SPOILERS FOR: Final Fantasy Series

There is an issue which has had me pondering almost since the FF4 SNES days. It became particularly strong with the release of FF7 and has been hanging in the air in any room full of RPG fans ever since. That issue is Final Fantasy fans with conservative attitudes.

Given, the RPG genre's roots in swords and dragons, save the princess and all that lent themselves well to being fairly apolitical, but now that games have thankfully been able to move into more complex storylines due to improved technology, we have been seeing games which more closely reflect modern social and political issues. Perhaps the best example of this, and certainly the most mainstream popular, is the Final Fantasy series.
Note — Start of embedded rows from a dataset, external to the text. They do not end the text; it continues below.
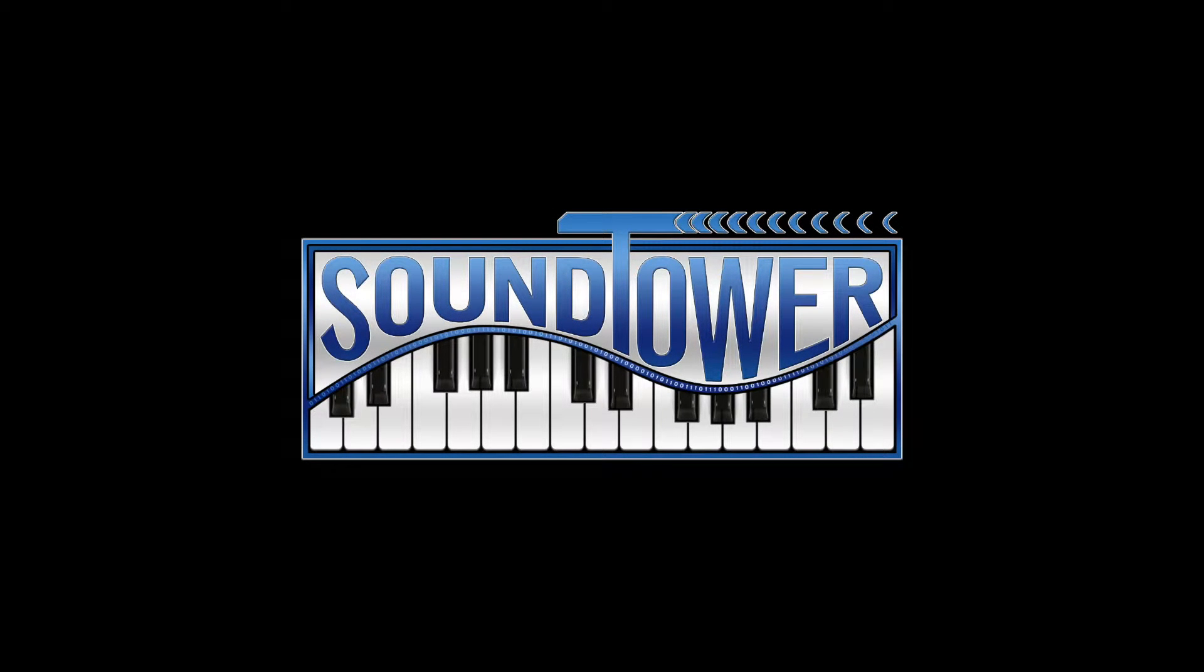Welcome to this instructional video for the Dave Smith Instruments Prophet 12 Editor from SoundTower. In this video, we'll check out all the librarian features.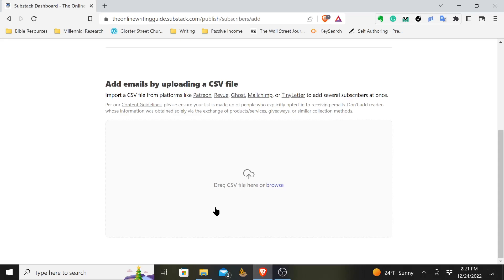So that's how you import email addresses to Substack. I appreciate you watching this video. If this has been helpful to you, I hope you'll give a like, and hopefully maybe even consider subscribing to the channel. I create content around writing on Medium, writing on Substack, and probably other platforms in the future. I appreciate you watching, and I hope you have a good rest of your day.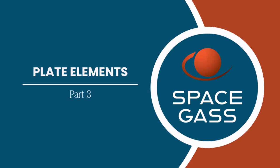Welcome back to another Space GASS tutorial video. In the previous plate element videos, we showed how to model the slabs in a multi-storied building using plate elements.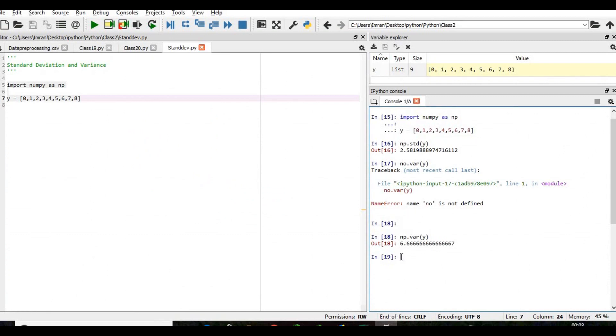This is how we calculate standard deviation and variance in a concise manner. Thanks a lot for watching this session. If you found this video helpful, please comment, press the like button, and subscribe to this channel. If you want me to cover any other topic, please post it in the comment section. Thank you.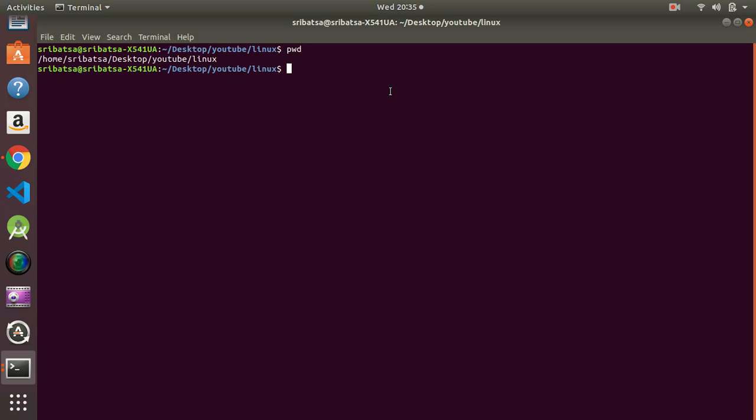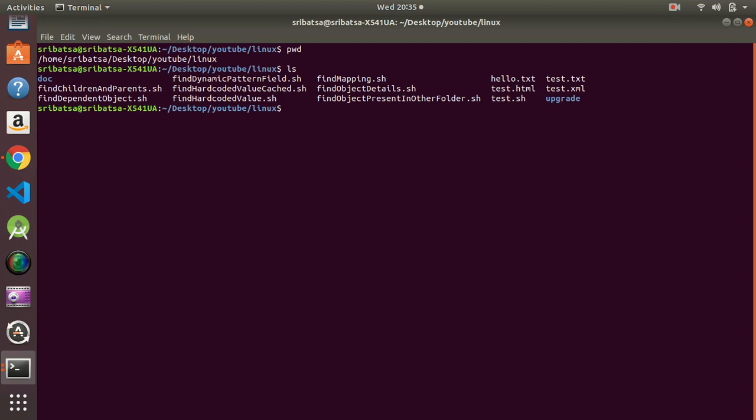My next command is `ls`. `ls` is used to list the directory contents. By default it will list the files in the directory you are currently working in. The syntax is: `ls [option] [path]`. If I just type `ls` and hit Enter, it is going to show me the different files and directories in my present directory.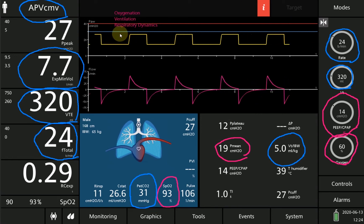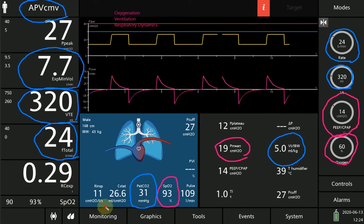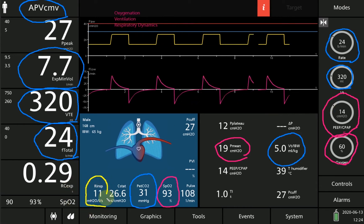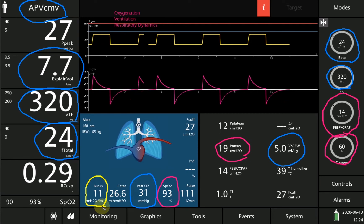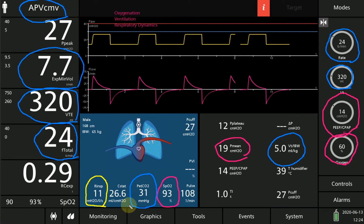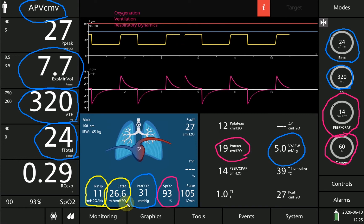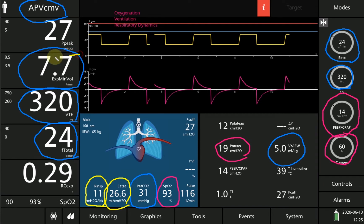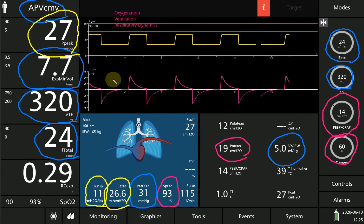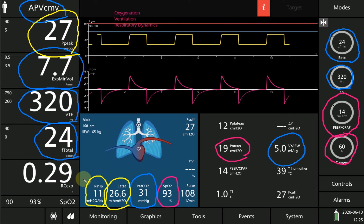Now we assess respiratory dynamics, starting with airway resistance, which is at 11 cm H₂O — slightly elevated, as normal is up to 6 cm H₂O. Lung and chest wall static compliance is at 26.6 cm H₂O. The peak pressure is at 27, which is the pressure required to overcome both airway resistance and lung and chest wall elastance.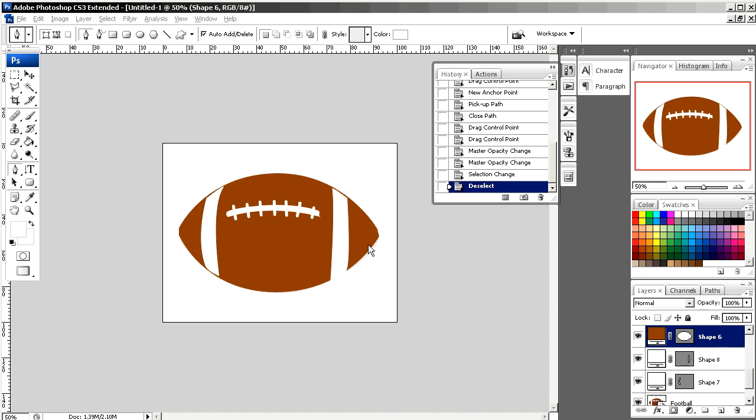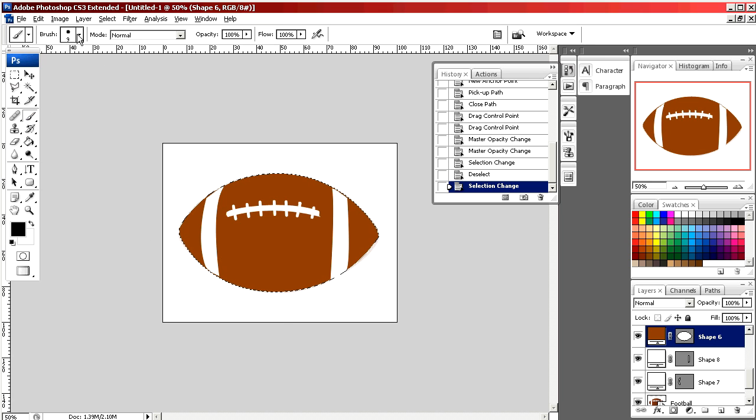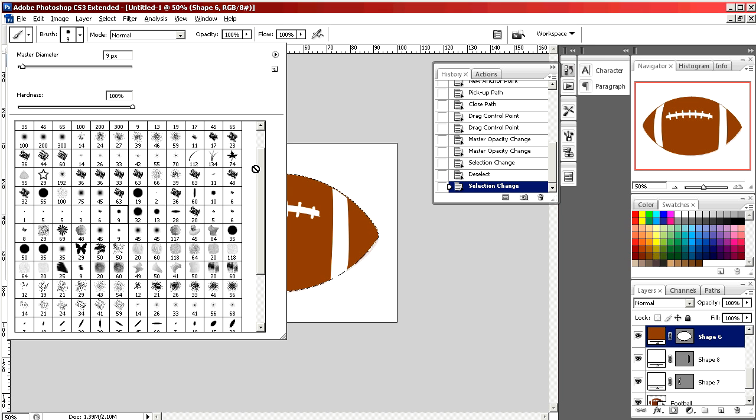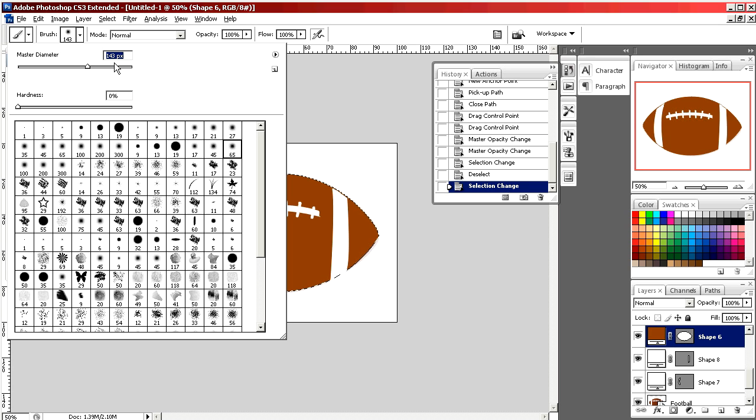Now we're going to add a little bit of shading to the football so it looks a little more three-dimensional. Selecting the paintbrush and selecting black. By holding down Control and clicking on the layer where my football shape is, it's now selected the area inside. I pick a paintbrush, very large and blurred edges, and increase the size.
Throughout many of the Final Fantasy games, we see several major themes which, whether or not they are directly integral to the storyline, strike gamers which pay more than a little attention. One is capitalism and what happens when greed and power go out of control. This was the more "innocent" good vs. evil variety back in FF1 (US version), but by FF4 the theme of power-hungry world entities seeking ultimate power at the expense of entire races and the life of the planet itself emerged. This theme grew much stronger in FF7. Not only that, but the traditional and easily recognizeable images of the bureaucrat or businessman, such as Kefka (before we knew he was an insane mutant) and FF7's Rufus, ram home this theme by carelessly endangering the world in their pursuit of power and fame or wealth, and do a very good job of making a solution of the ongoing problems in the world harder for the protagonists. In addition, in nearly every FF game we see big divisions between rich and poor; generally the worlds tend to consist seemingly of 80-90% subsistence level agricultural or simple towns supporting sometimes only 1 or 2 major cities with extremely high technology and conveniences. This is again particularly true of FF7 with Midgar.

Surely, everyone loves to bash on the super-greedy guy at the top, even in real life, so it's not so surprising that this would appear in a video game. But closely linked to capitalism emerges another theme: technology vs. nature and the value of environmentalism. In many of the Final Fantasy games, some type of natural disaster becomes imminent because of the reckless use of technology or the abuse of the planet by its inhabitants. It is then up to the protagonists to set things right by restoring the balance. A variety of "earth-first friendlies" appear in the games to help out the heroes and point them in the right direction; the sages in Mysidia, the clerics of Toroia, the dwarves, and the Lunarians in FF4; the Returners and many others in FF6; Avalanche, Cosmo Canyon and many of the small towns in FF7. All of these places offer advice to the heroes for how to help stop evil and save the planet, and they all use power or the earth in appropriate ways.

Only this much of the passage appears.